[Asia Economy Reporter Suyeon Woo] Hyundai Kia Motors has taken a 'big bath' of 3.39 trillion KRW to put an end to the Theta II engine quality controversy. Chung Euisun, Chairman of Hyundai Motor Group, emphasized quality management to restore customer trust and expressed his determination to maintain the 'quality management' policy that has been passed down through generations.
Hyundai Kia Motors announced on the 19th that it has additionally set aside a provision of 3.39 trillion KRW in the third quarter of this year for quality costs related to the Theta II engine recall and long-term customer protection measures. The quality costs reflected in the third quarter earnings amount to 2.13 trillion KRW for Hyundai Motor Company and 1.26 trillion KRW for Kia Motors.
Recalculation of Theta II Engine Recall Period and Costs
In the third quarter of last year, Hyundai Kia Motors decided to apply a lifetime warranty program to 4.69 million vehicles equipped with Theta II engines in South Korea and the United States. Accordingly, provisions exceeding 1 trillion KRW were accumulated in two installments: 460 billion KRW in the third quarter of 2018 and 920 billion KRW in the third quarter of last year.
However, since the engine replacement rate for the recall was higher than initially expected and the vehicle operation period for the lifetime warranty was estimated to be longer, the recall costs had to be realistically recalculated. Hyundai Kia Motors extended the operation period of Theta II engine vehicles from 2011 to 2014 from the previous 12.6 years to 19.5 years to recalculate quality costs and also considered the increased customer claim rate for vehicles from 2015 to 2018.

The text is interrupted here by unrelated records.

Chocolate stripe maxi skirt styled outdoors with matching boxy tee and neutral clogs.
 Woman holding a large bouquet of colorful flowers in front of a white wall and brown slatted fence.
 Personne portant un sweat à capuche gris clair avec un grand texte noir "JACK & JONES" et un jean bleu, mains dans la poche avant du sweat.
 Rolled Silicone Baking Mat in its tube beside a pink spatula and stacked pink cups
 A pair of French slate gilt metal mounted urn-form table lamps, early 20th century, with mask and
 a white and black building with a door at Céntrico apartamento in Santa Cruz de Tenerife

Additionally, costs for installing the engine vibration detection system software (KSDS) were added for other engines currently receiving complaints (Theta II MPIㆍHEV, Gamma, Nu). The number of recall target vehicles increased from 4.2 million with the existing Theta II GDi engine to a total of 7.47 million including other engine vehicles.
"Customer Trust Recovery First" Quality Management Continued into Second Generation
With Chairman Chung’s big bath quality cost measure, Hyundai Kia Motors has eliminated quality-related risks for the next 20 years until 2037. Despite the inevitability of a large deficit in the first earnings announcement since his inauguration, this measure was taken to prioritize restoring customer trust and to put an end to the ongoing quality controversies that have continued to hamper the company.
In his inauguration speech on the 14th, Chairman Chung emphasized, "The first step toward customer satisfaction is to help customers focus on their original lives through perfect quality." This is interpreted as Chairman Chung’s intention to continue the quality management philosophy of his father, Honorary Chairman Chung Mong-koo. He also mentioned in a meeting with reporters shortly after his inauguration, "I think the parts where (Honorary Chairman Chung) always emphasized quality are his management instructions."
Honorary Chairman Chung has always emphasized quality as the highest value. To this end, he established a standard factory construction system capable of producing vehicles with uniform quality worldwide and traveled production sites around the world to find and solve quality issues.
This philosophy of the father was passed on to the son. Chairman Chung chose 'resolving the quality cost controversy' as his first task after inauguration. He took on the most sensitive topic that could reveal poor performance on the surface and confronted it head-on.
Next year, Hyundai Kia Motors is preparing major projects such as launching electric vehicle-exclusive platform vehicles, expanding exports of hydrogen commercial vehicles and hydrogen fuel cell systems. This big bath appears to be a preemptive measure to clear old issues and move forward into a new era.
Researcher Soohong Jo of NH Investment & Securities said, "Although a deficit in the third quarter is inevitable due to this large provision, the virtuous cycle effect from successful new car launches is expanding both domestically and overseas," and added, "There is no change in the outlook for performance improvement next year."